2000-07-12 Thread Jeff Waugh

 Russell Davies wrote:
 ; It's not a problem for an individual with the skills.  But for a 
 ; distribution this is not good enough.
 
 Isn't this exact (bogus) argument applied to linux as a whole? I'm sick
 of hearing it, if you don't have those skills you shouldn't be playing
 with MTAs.


Having spluttered Coke on my keyboard, I'm now quite cross. ;)

An MTA is a required feature on many (if not all) Linux installations.
Although not strictly necessary if you use mailers like Netscape, let's look
at it from the perspective of Linux' current strongpoint: servers.

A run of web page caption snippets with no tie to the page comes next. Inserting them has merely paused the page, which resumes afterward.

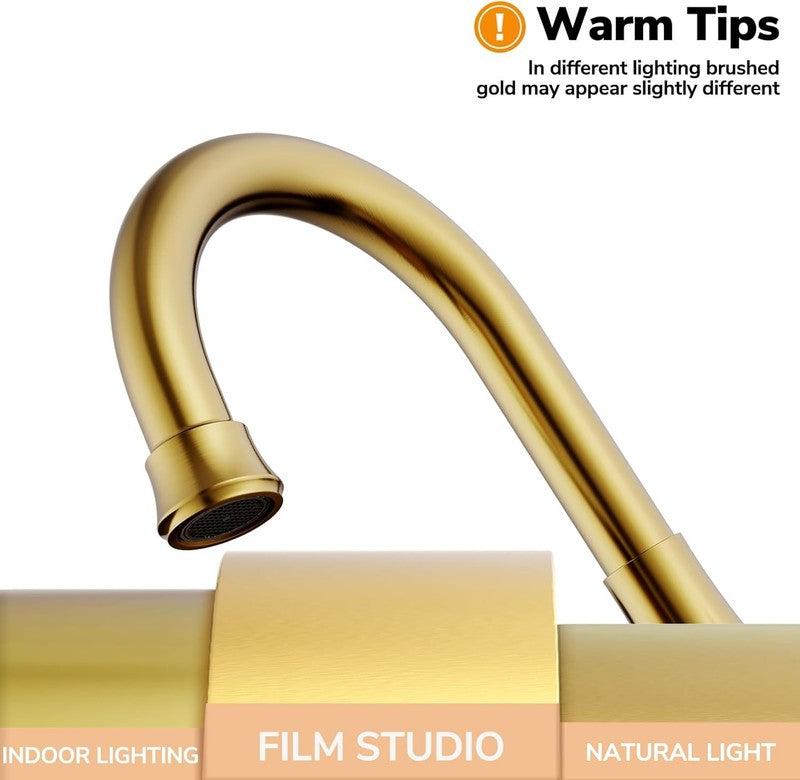 Brushed Gold Bathroom Sink Faucet 4" Centerset w/ Drain & Supply Hoses1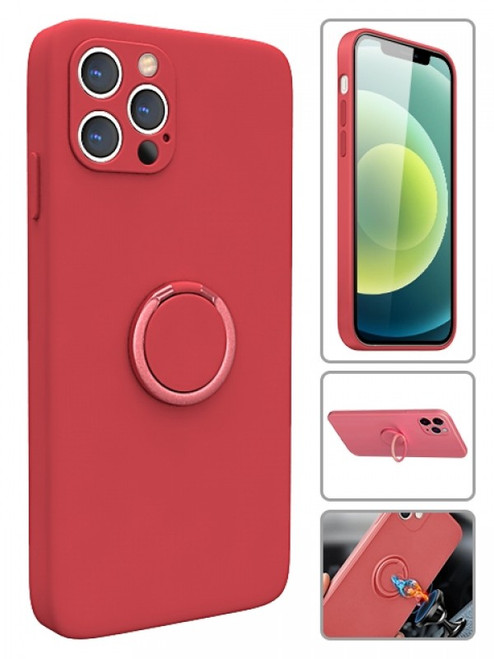 Product photo of the SILICONE CASE WITH RING STAND RED fashion phone case, showing the full design, color, and texture, available at Forever And Always Online.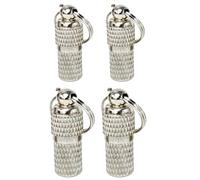 UKCOCO Medagliette Identificative in Ottone Nichelato Argento per Cani 4 Pezzi Anello Resistente Accessori per Cani Anti-perdita e Personalizzabili per Collare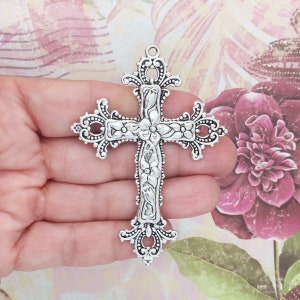 2 Silver Cross Charm Pendant 76x55mm by TIJC SP0991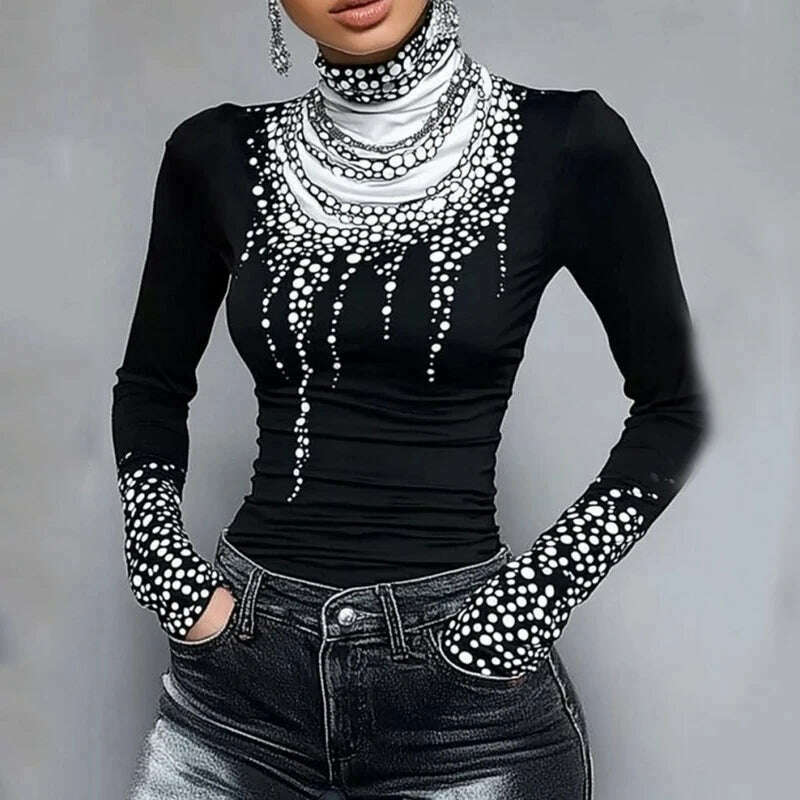 Gymystars Long Sleeve T Shirt Skinny Printed Tops for Women New Autumn High-Neck Slim Fit Clothes Black Wear Base Layer Outside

You "can't not" have an MTA, and if that's the case, it should be bloody easy
to set up for basic requirements.

Case in point: The Exim installation on Debian systems is almost fool-proof.
Debconf asks you what your setup is like, and makes the Exim settings
reflect that. If you're using dial-up on a desktop system, it does it.
Seamlessly. If you're running a 'real' mail server, it sets it up.
Seamlessly.

Sure, it won't do a lot of the fancy stuff Postfix or (perish the thought)
Sendmail and qmail do, but the intention is to have a *workable system
running easily*.


At the moment, the SLUG mailing list is pumped out by Exim which I (having
never touched Debian nor Exim before) set up in about 30 seconds.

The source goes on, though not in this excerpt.